Tuesday, September 27, 2011

Are Indie Pubs Selling Themselves Short?

Ebooks or PODs (print on demand) are easy and cheap to publish with the advent of Kindles, iPads and that ilk.Now this movement should produce a large number of (those traditionally known as) vanity books, as well as, many high quality books (perhaps experimental) with which traditional publishers were not willing to take the economic risk. A short definition here: vanity book = some author's poor quality pet project that is not economically viable. The problem here is that you have two types of books bunched into the same indie pub market. The ideal way of distinguishing between the two would be price. Here's where we run into the big problem. Many poor quality book authors drop their price low enough that the average ereader is willing to take a chance on the book. Usually, that price is comparable to garage sale prices. The high quality books can be divided into two groups. Books of authors who's prime directive is to obtain cash and books of authors who's prime directive is to distribute their art to as wide an audience as possible. Do you see the mishagas that results? Poor quality books at rock bottom prices along side high quality art (inventive, experimental) books by artists who snub their noses at the mighty dollar (Euro, Rupal, Yen, etc). On the other hand we have work-a-day authors with quality books wanting to make money. I can guarantee, without seeing the stats, that the quantity of poor quality books far outweighs the high quality books, by simply understanding the human psyche. So we have a market flooded with low cost books. One might see a comparison to the '90 Japanese flooding of the US market with low cost memory cards, driving competitors out of business. So quality indie pubs are getting outsold by crappy books. As their income drops our quality authors lower the price to make up for the loss of income by volume.

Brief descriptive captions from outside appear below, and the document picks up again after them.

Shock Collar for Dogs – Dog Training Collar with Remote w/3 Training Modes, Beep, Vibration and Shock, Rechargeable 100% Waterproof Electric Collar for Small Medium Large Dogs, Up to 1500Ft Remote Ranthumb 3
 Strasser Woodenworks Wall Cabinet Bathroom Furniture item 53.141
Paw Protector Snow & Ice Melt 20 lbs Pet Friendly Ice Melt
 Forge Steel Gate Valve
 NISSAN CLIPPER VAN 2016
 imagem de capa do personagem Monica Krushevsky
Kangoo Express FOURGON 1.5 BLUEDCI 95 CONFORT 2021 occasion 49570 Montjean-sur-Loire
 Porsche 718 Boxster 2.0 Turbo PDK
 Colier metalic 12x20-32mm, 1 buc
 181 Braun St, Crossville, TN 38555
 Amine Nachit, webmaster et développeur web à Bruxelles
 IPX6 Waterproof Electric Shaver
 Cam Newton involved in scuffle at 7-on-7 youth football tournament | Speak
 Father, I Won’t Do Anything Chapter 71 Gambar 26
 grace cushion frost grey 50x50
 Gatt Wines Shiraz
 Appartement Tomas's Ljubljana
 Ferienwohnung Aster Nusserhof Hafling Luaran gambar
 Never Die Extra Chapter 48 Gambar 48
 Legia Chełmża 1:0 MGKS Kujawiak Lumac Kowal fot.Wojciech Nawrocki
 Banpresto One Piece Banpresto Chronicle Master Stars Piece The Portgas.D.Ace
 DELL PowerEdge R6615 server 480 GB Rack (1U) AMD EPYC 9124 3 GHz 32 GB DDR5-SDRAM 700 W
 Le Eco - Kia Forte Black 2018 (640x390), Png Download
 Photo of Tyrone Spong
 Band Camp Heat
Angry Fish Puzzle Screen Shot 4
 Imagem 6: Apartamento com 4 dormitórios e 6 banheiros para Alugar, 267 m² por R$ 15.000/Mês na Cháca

It doesn't take long for all three types of books to be selling at $.99 a piece. The big loser of course being the authors who are trying to make a living. Now take a look at the books by well known authors that traditional publishers are selling on the emarket. Yes they are selling at a discount from paper books sold in brick and mortar stores (including their Internet outlets), but they are not trying to compete with the indie pubs and their prices remain at high retail market value. Are you indie pubs diluting your marketability by panicking and lowering your prices? I give you an emphatic YES.
If you want to avoid traditional publishing for whatever reason, don't abandon traditional marketing. I'm talking about shutting off your computer, getting off of your lazy asses, and hitting the road, stopping at the high volume booksellers and speak, autograph. Get onto radio and even TV talk shows to promote your books. Show your faces and attempt to become a household name. Yes social media and blogs helps to promote books. But I have never seen such a lazy marketing concept a blog tour.
Consider these two scenarios:
"I just saw a blog by (insert name here) they sound very interesting. I'm thinking of buying their book."
"I just saw (insert name here) speak at Barnes and Noble they presented themselves very well and I got an esignature from them on my copy of their book."
Which author do you think will get noticed and sell books at a higher price?